“It is somehow more eerie to hear a person narrate the impending doom in a horror story than it is to read the same words on a page…[as in this] true crime narrative by the friend of a serial killer…As dramatic and chilling as a bedroom window shattering at midnight.”
New York Times (audio review)
A Paris Review Selection
A BuzzFeed Books Pick of Great Books You May Not Know About
Utterly unique in its astonishing intimacy, as jarringly frightening as when it first appeared, Ann Rule’s The Stranger Beside Me defies our expectation that we would surely know if a monster lived among us, worked alongside of us, appeared as one of us.
With a slow chill that intensifies with each heart-pounding page, Rule describes her dawning awareness that Ted Bundy, her sensitive coworker on a crisis hotline, was one of the most prolific serial killers in America.

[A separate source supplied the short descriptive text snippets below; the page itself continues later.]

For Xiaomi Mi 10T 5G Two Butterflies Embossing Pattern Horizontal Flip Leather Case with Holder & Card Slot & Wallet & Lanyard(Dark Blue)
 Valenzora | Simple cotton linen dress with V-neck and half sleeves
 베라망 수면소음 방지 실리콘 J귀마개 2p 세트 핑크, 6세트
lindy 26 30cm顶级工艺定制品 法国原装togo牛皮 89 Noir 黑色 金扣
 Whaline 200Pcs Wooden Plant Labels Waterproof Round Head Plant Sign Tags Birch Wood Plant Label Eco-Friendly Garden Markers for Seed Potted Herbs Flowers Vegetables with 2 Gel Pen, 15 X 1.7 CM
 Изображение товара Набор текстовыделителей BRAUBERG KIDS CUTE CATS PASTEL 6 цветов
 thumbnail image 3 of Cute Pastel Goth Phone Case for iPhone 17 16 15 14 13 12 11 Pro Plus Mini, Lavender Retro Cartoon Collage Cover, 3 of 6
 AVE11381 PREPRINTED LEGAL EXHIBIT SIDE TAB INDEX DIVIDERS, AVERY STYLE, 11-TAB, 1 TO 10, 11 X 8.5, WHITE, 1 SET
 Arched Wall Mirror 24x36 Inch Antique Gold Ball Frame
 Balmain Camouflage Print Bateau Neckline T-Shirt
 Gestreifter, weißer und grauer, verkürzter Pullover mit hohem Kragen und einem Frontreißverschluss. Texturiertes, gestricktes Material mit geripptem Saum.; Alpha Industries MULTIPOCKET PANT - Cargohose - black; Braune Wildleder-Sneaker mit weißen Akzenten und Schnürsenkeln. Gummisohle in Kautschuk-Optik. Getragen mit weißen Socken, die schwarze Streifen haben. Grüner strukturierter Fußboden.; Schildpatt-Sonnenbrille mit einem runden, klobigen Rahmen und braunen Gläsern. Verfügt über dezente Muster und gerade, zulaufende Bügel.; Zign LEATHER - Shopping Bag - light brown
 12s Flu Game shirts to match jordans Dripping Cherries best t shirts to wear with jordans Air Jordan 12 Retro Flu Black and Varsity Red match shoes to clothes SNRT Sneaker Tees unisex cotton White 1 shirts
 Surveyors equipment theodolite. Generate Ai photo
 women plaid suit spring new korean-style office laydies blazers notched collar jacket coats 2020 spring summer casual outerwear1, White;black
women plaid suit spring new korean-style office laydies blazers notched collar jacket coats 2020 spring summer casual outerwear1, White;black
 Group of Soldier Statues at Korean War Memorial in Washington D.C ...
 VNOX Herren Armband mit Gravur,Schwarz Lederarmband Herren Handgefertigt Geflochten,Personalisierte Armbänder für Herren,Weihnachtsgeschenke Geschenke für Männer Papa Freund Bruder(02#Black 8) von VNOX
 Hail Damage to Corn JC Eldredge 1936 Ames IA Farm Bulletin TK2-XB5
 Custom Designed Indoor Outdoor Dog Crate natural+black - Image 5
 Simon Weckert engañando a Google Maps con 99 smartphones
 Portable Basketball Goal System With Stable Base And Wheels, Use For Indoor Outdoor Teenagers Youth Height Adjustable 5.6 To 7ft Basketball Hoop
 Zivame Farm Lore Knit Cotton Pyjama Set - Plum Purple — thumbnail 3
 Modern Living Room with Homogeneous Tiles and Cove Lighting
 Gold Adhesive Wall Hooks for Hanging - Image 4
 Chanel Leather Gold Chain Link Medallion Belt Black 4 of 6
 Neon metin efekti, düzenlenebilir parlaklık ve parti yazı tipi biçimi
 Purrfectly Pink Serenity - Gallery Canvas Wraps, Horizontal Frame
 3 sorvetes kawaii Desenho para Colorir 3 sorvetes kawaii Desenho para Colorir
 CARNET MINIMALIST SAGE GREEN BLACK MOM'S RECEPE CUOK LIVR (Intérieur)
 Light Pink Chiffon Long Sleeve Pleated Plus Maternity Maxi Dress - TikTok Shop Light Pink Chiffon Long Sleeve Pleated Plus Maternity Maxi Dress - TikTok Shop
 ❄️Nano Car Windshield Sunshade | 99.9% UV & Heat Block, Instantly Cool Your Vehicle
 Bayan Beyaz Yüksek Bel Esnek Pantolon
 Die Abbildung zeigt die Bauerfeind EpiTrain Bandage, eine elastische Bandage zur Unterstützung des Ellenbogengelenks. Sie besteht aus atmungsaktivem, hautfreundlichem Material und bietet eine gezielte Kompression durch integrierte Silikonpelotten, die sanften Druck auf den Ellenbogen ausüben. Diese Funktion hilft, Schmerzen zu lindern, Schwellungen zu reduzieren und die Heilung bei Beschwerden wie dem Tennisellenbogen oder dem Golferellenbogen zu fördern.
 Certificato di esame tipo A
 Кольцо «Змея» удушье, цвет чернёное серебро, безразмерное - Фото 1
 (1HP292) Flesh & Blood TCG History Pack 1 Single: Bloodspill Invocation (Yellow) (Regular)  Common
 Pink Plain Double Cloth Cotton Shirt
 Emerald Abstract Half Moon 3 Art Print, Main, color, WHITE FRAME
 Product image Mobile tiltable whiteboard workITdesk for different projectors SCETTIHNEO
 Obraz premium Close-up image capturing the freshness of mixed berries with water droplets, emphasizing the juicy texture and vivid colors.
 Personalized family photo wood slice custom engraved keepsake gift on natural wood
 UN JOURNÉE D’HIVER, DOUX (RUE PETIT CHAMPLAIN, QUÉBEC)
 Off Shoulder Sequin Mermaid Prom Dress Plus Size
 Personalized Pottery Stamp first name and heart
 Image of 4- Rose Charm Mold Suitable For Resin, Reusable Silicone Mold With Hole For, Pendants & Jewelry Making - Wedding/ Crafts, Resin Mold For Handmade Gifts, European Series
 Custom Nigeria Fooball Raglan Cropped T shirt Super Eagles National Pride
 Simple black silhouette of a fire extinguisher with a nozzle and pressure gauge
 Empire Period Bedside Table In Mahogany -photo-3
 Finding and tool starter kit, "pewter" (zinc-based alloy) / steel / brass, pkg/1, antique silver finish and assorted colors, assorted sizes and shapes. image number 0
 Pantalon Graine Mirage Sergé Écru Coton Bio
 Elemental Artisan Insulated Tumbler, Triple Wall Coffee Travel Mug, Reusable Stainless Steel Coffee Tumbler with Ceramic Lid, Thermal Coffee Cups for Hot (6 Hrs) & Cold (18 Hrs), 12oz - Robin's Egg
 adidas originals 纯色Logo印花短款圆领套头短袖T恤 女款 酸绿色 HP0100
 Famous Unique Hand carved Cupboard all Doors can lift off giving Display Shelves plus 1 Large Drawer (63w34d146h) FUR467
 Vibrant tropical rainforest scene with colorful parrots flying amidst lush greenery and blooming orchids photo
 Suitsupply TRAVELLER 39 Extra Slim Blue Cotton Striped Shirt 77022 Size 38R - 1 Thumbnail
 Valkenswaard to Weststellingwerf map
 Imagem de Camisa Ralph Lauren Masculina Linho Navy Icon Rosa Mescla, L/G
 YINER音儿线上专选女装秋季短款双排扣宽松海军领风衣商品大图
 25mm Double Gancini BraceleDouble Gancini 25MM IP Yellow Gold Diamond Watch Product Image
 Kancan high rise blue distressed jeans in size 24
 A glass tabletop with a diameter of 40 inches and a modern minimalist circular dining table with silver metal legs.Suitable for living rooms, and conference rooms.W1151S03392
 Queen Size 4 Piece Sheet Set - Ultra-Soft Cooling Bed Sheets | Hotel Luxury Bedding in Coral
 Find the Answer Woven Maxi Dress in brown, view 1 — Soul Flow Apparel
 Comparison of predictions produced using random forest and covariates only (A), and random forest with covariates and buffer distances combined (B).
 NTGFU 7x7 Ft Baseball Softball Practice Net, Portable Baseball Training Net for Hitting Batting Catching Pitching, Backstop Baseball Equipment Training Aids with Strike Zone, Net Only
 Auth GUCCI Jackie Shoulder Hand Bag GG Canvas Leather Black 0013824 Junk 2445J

He would confess to killing at least thirty-six young women from coast to coast and was eventually executed for three of those cases.
Drawing from their correspondence that endured until shortly before Bundy’s death, Ann Rule strikes a seamless balance between her deeply personal perspective and her role as a crime reporter on the hunt for a savage serial killer—the brilliant and charismatic Bundy, the man she thought she knew. Rule changed the course of true-crime literature with this unforgettable chronicle.